Overvig and Alù went beyond the periodic metasurfaces conventionally used for eliciting Fano resonances, proving that strict periodicity is not actually required to enable this phenomenon, and as a result existing metasurfaces only account for a specific subset of the Fano resonances that can emerge in optical systems.
Fano resonances
Conventional Fano-resonant metasurfaces can only reflect light with a specific frequency, a planar wavefront, and linear polarization; the newly proposed metasurfaces can be tailored to be reflective to light with an arbitrary wavefront shape and circular polarization (© Advanced Photonics) (click on image to enlarge)
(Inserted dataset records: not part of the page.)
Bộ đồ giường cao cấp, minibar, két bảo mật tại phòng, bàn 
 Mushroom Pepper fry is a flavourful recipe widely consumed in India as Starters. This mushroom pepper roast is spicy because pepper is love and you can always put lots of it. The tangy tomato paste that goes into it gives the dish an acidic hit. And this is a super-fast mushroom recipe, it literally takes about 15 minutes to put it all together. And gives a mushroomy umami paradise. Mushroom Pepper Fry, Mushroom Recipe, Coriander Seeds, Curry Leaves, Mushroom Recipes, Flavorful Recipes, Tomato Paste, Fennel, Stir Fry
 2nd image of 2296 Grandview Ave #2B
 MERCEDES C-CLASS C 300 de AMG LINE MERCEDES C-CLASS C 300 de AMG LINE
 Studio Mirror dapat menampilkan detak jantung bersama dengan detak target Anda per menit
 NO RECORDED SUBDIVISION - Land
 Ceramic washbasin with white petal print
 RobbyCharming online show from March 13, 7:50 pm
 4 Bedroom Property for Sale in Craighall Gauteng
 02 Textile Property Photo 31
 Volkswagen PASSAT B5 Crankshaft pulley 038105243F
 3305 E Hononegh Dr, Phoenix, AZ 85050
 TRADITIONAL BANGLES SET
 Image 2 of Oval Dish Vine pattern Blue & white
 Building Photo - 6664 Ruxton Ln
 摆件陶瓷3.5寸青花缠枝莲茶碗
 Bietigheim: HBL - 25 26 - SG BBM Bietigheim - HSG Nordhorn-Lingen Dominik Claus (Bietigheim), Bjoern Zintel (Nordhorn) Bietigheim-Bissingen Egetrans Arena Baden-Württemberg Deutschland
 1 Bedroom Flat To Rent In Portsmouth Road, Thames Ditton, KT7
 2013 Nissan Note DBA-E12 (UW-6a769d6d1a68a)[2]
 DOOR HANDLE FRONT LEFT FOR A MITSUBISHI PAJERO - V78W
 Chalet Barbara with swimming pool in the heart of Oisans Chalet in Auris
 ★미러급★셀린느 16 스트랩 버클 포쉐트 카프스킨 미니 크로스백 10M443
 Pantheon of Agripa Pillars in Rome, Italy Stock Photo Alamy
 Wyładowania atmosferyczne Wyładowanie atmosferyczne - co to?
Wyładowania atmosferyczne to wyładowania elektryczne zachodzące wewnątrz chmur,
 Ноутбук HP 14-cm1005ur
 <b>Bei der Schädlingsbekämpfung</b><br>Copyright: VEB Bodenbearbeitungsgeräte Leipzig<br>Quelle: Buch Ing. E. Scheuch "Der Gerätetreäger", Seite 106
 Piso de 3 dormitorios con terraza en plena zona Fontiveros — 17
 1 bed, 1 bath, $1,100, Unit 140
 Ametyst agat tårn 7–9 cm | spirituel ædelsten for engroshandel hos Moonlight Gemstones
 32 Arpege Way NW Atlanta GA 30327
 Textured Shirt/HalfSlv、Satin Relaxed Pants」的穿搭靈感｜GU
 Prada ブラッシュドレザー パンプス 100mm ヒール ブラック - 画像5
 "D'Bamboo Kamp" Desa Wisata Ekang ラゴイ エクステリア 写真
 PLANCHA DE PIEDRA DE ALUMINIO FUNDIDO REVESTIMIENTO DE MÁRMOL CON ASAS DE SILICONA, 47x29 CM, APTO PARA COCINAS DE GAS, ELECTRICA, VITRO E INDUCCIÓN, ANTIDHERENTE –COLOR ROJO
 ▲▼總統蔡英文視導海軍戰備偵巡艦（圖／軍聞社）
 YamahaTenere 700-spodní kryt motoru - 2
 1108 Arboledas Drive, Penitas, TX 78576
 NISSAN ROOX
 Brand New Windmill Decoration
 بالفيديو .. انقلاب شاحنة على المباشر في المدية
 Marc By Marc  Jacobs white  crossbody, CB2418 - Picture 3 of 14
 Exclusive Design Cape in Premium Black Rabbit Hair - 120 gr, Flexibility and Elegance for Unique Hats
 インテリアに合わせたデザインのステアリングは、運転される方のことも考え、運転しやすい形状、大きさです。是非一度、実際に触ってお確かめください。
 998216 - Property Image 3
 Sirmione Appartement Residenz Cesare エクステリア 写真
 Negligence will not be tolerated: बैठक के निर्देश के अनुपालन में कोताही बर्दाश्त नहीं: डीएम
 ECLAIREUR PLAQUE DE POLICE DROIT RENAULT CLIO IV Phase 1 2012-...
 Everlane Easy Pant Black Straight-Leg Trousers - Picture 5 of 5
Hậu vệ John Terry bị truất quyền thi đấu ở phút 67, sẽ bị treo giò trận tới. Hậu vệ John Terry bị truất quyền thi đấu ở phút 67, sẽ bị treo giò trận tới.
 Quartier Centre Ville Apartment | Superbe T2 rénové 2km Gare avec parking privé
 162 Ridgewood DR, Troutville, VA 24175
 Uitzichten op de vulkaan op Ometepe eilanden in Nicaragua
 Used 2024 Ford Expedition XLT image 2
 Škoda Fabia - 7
A general example is useful to get the overall gist of the study. A conventional, periodic Fano-resonant metasurface offers strong polarization, and both spectral and angular selectivity. This means that the system barely reflects light of any given frequency, incidence angle, and polarization unless they specifically match those of its Fano resonance (in which case, perfect reflection occurs).
As stated before, another important aspect of such periodic metasurfaces is that they can only undergo Fano resonances if the incident light waves have a planar wavefront. In stark contrast with these limitations, the researchers proved that it is possible to craft a nonperiodic metasurface that achieves perfect reflection, curiously accompanied by phase conjugation of the incoming fields, for light waves with an arbitrarily tailored wavefront shape and form.
Overvig and Alù mathematically demonstrated that these metasurfaces can be built by strategically introducing nonperiodic perturbations in otherwise highly periodic photonic crystal slabs. Their work sheds light on yet-unexplored aspects of optical Fano resonance, extending the concept beyond conventional understanding.
The proposed strategy has multiple relevant applications, as summarized by Alù: "Our finding generalizes the concept of a Fano resonance, showing that it is not necessarily associated with a planar wavefront.
In practice, this enables a new class of optical devices that are transparent and weakly interacting with the incoming light for most excitations but are somehow triggered by a specific wavefront form, frequency, and polarization, which can be selected by design. Only under this specific excitation condition, the device becomes highly reflective and sends back a time-reversed version of the specific input."
He elaborates on the functionality of such devices: "An example can be a transparent surface that can be illuminated from any angle and any frequency and polarization, and it is always transparent. However, if you illuminate it with a localized point source placed at a specific location only, with the precise frequency and polarization, all the input energy is reflected and focused back at the location of the source."
The introduced concept of generalized Fano resonances could pave the way for sophisticated metamaterials that manipulate light in novel ways, with exciting applications in a disparate number of scenarios not limited to optics, but also extendable to acoustics and other wave phenomena.